She fled from him as she might have tried to flee her own conscience. Father d'Astier was all the conscience she had, and now he had turned up in Brinoë when she wanted least to encounter him. Who could have expected to find him there in the horrible heat of August when everybody fled Brinoë? (In her mind echoed the shadow, "Anybody who is anybody." Not seedy people, of course, like those she had encountered this afternoon.) Oh, he knew well enough why she was there and what she was doing. That was why he had been so silent, as if she were betraying him. But he had been reasonable enough, all things considered; he had never reproached her but once and then only by the inscription on the fly-leaf of the Thomas-à-Kempis. He had kept silent, which in a way was worse than if he had spoken, especially when you had loved him for nearly thirty years.
At the door of the Palazzo Biancamano, she turned the motor over to the chauffeur. "At five tomorrow, Enrico," she said, looking a little away from him. Enrico, too, knew why she was in Brinoë. He knew why she had driven through the dust and heat all the way from Venice in August. She would not need the motor until five because she and Oreste would spend the heat of the day in the apartment.
As the motor drove off she turned and looked up at the windows of the apartment with that sudden feeling of sickness and ecstasy which always overcame her at such times. The windows were still dark. She was in time. He had not come yet. It was not her own apartment. She hated Brinoë because she thought the people who lived there dull and stuffy and full of gossip. It was an apartment loaned her by Nina de Paulhac, Nina knowing well enough what it was to be used for. A great many people knew, she thought, and yet what difference did it make? Your friends were your friends no matter what you did, and the others did not matter. Only she must not make a fool of herself. When women were old, love sometimes made them silly. She mustn't be an old fool like Mrs. Whitby, running after gigolos and dubious dukes at sixty.
The apartment was strange to her and there was only Ottilia, the femme de ménage, to show her about. Ottilia knew why she was there. Well, better that she did know. Then there wouldn't be any violated innocence. She wondered how many times the apartment had been lent to others for the same purpose.

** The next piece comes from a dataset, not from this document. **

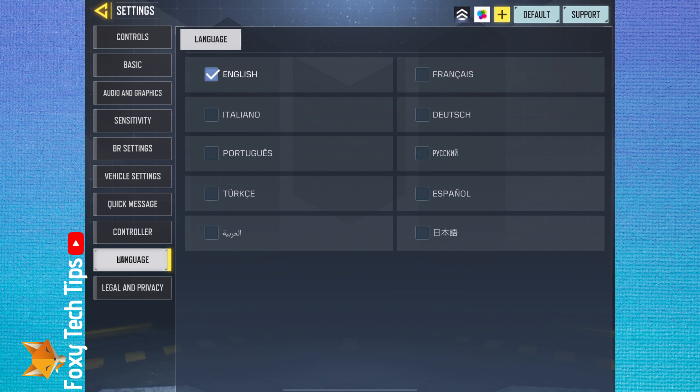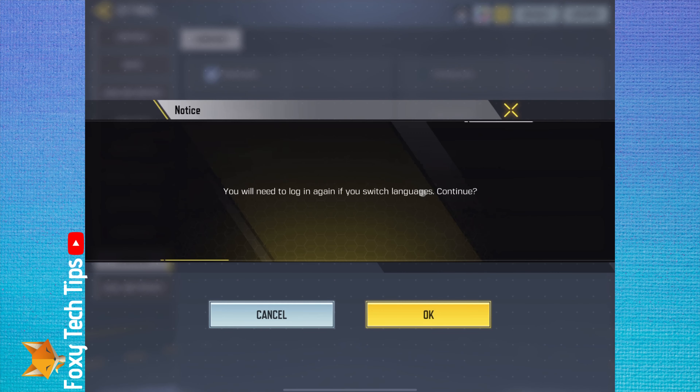You can now select one of the available languages. To change the language you will have to be logged out from your account. Tap OK.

Swarthy, moustached, with ox-like eyes, Ottilia showed her the bedrooms and the two baths.
"I am hard," she thought. "But what of it? God knows I've reason to be hard. Only where love is concerned, I am not hard. It's always me that suffers. You can't be really hard if you go on being hurt again and again."

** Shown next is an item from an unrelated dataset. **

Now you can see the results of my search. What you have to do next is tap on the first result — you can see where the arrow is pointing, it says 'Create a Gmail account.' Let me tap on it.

She told Ottilia to keep the supper hot. "It's impossible to ruin Italian food," she thought. And aloud, "I'm expecting a friend to dine with me."
Yes. Ottilia knew. Signora de Paulhac had written her.
She wished Ottilia wouldn't smile like that with her eyes. Was she smiling just because she took that friendly interest which all Latins have in an intrigue, or because she thought it ridiculous in a woman of her age to have a lover? She must be about the same age as Ottilia, although Ottilia looked ten years older. Would Ottilia be going downstairs to regale other servants below with the tale? What did it matter? What did anything matter? "It is silly," she thought, "for a woman of my age and experience to behave always as if it were the first time, always worrying what people might say, always afraid of being caught." There wasn't anybody in the world who cared if she was caught, certainly not Faustino. A husband like that could be made cocu a thousand times in public and he wouldn't care at all so long as she gave him money for electric toys and a train to run by real steam around the garden at Venterollo—"like the children in the Bois riding to the Jardin d'Acclimatation the way I used to do. My God! How long ago was that? I mustn't think of it. I mustn't think. Perhaps that's why I've always kept my lovers so long, because it's always like the first time, always a renewal, a rebirth of love, rising from its own ashes. It was always exciting when it was like that. There was no growing blasé."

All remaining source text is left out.